The tribunal, set up in 2008 to hear cases involving First Nations claims on specific pieces of land, found that a 10.5 acre parcel of land on the Skeena River, containing a former village site and now known as Lot 113 and privately owned, was wrongly excluded from the original Kitselas reserve allotment in 1891. A Hudson Bay Company warehouse was built on the site.

The Specific Claims Tribunal made its decision last year and the April 7-8 court dates last week followed the federal government decision to appeal the finding.

This is the first time the government has appealed a tribunal decision. The Specific Claims Tribunal was formed as an independent body of the federal government and the government sought the opinion of the Assembly of First Nations prior to its establishment.

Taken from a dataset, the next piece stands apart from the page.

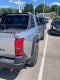 2024 Toyota Tacoma Hybrid Trailhunter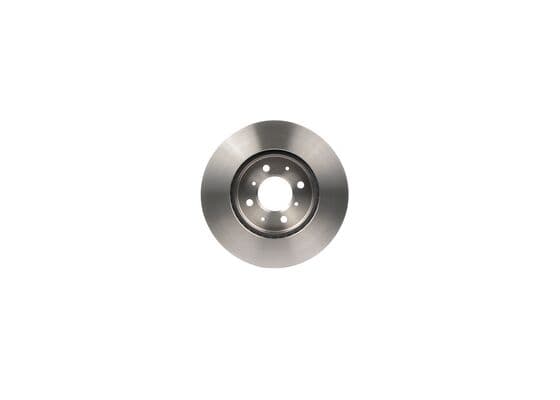 BOSCH Brzdový kotúč 0 986 479 R80 1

It is not part of the more sweeping negotiations involving comprehensive claims which lead to treaties being signed by First Nations and governments.

Although the intent of the tribunal was to quicken the settling of specific claims, that doesn’t seem to be happening, said Ashcroft.

And First Nations expected the tribunal to have a level of standing that would put its findings above easy appeal.

“It seemed like, when the specific claims tribunal was set up, that there was going to be more reconciliation,” said Ashcroft.

“That’s what it says in the act and that’s what was said in parliament but they are seeming to be taking the exactly opposite position.”

Not only will this be the first time the federal court of appeal rules on a decision by the specific claims tribunal, but it will be the first time that it rules on whether monetary compensation is owed by the federal government to First Nations for lands that were not set aside for First Nations reserves.

This will have implications for other First Nations’ claims settlements, said Ashcroft, as many other claims decisions are dependent upon the Kitselas case.

“They recently had a decision of the Specific Claims Tribunal which is dependent upon this appeal, and there are many other lawyers whose clients are dependent upon this because the reserve creation process took place over a very long period of time. [In] 1871 it started and lands weren’t conveyed until 1938,” he said.

One crucial claims case in the interior of B.C. involves the Williams Lake First Nation which this March received a favourable ruling from the tribunal that it is owed compensation for what is now downtown Williams Lake.

That ruling is also being appealed by the federal government and Williams Lake First Nations representatives were at the Kitselas appeal hearing to show their support.

“There was a lot of lands that were requested, which is the same as Williams Lake, that were turned down. And that’s what this case turns upon,” said Ashcroft.

For its part, the federal government is arguing that it should not be obligated to provide financial compensation for lands the government wrongly chose to exclude from original reserve allotments and that if there is an obligation, it should be shared with the province.

If court rules that the fiduciary duty for compensation should be shared with the province, Ashcroft said that could mean First Nations won’t receive half of the money. And it could mean more delays in an already drawn out process.

Kitselas chief Joe Bevan said in a statement that at stake is “the hope of the Kitselas people and First Nations across Canada that there can be a fair and timely resolution to specific claims … Kitselas is standing for all First Nations in our right to finally have our claims settled.

“When the Harper government challenges the decision of its own tribunal, it challenges its very relationship with First Nations people,” said Bevan.

The judges sitting on the Specific Claims Tribunal have reserved their decision. Ashcroft says he imagines it could take three to six months.

Federal government representatives did not respond to requests for comment.